- Aim of the task -
When you reach the line containing "Used 2015 Subaru", include it and stop; until then, return each line of the material exactly, starting with the first.

===== Data records =====

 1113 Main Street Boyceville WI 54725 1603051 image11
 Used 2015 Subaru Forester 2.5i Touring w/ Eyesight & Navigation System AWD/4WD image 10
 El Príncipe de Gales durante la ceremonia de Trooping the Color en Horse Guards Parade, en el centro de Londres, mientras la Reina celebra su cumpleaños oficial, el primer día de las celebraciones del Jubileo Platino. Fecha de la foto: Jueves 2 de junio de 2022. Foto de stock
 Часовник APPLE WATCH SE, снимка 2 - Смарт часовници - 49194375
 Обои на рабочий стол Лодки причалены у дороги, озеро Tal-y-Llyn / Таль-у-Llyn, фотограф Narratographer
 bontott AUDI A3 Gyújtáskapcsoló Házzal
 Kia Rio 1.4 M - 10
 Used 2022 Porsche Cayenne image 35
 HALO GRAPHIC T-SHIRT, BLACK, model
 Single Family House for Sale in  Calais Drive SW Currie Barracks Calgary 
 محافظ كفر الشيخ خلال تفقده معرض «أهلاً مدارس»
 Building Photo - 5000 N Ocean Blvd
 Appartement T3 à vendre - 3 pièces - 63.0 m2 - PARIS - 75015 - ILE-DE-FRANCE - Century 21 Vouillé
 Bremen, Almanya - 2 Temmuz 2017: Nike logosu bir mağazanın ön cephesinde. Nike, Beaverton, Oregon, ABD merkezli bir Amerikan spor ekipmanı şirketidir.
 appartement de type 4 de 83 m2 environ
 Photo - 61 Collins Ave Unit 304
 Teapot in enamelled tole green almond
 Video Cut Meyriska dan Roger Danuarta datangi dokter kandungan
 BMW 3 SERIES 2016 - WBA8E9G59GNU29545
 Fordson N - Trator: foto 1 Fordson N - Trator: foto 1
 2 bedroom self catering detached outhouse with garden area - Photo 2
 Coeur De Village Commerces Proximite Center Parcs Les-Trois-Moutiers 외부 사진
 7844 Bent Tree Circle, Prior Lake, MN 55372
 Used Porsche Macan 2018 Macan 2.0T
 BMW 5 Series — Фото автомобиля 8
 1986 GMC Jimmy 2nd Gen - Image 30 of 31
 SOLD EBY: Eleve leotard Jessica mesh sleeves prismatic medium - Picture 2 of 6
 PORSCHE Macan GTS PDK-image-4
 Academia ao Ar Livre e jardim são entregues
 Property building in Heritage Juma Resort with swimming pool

=====

- Result below -
 1113 Main Street Boyceville WI 54725 1603051 image11
 Used 2015 Subaru Forester 2.5i Touring w/ Eyesight & Navigation System AWD/4WD image 10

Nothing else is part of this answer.